In December of 2014, President Barack Obama ordered the restoration of full diplomatic relations with Cuba; relations that were severed after Communist Fidel Castro and his rebel army overthrew the U.S.-supported government of Fulgencio Batista at the end of 1959.
In the intervening time, the island nation that is 90 miles from the Florida coast, has suffered economic hardships despite at one time being aligned with the Soviet Union.
For the first time in nearly 90 years a sitting U.S. president traveled to Cuba, when Air Force One touched down on March 20 for a three-day visit, which incorporated Obama’s third bilateral meeting with Cuban President Raul Castro, a state dinner and attendance at a baseball game between the Cuban National team and the major league Tampa Bay Rays. Calvin Coolidge was the last U.S. leader to visit.
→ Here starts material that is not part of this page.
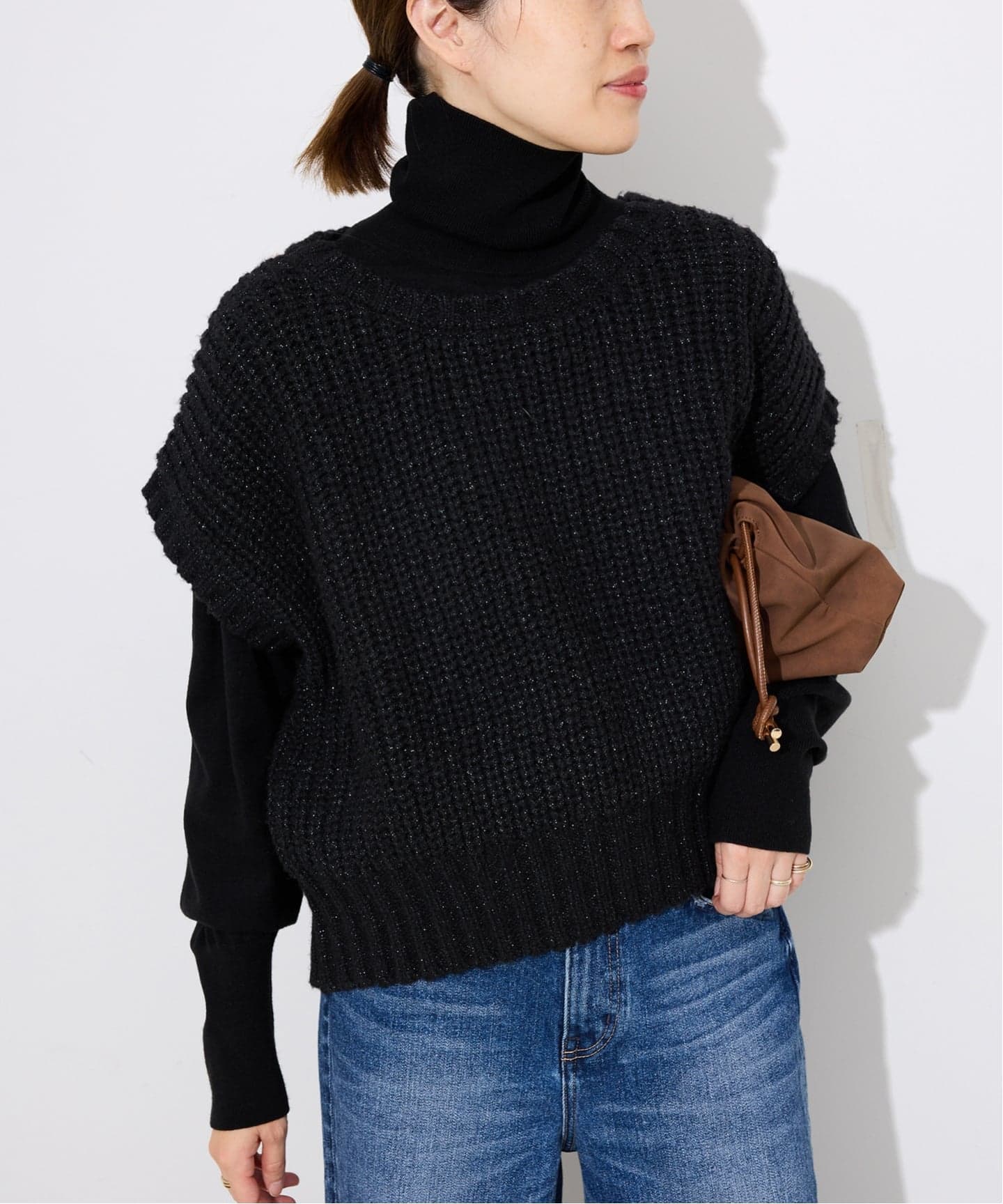 畦編みコクーンニットベスト（ベスト）｜SLOBE IENA（スローブ イエナ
He entered Havana Harbor on a battleship in 1928.
Herald: How did you get chosen to accompany the president?
The congressman said that the New York City area is home to the second largest Cuban American population in the U.S., with southern Florida being the largest.
Herald: What do you say to the Cubans who fled Cuba when Castro came to power and their families here who think Cuba doesn’t deserved a relationship with the U.S. based on its human rights record?
Meeks: “In 55 years nothing has changed and to improve conditions and the government for the Cuban people you better try something different, and for individuals who care for Cuba that has started to change.”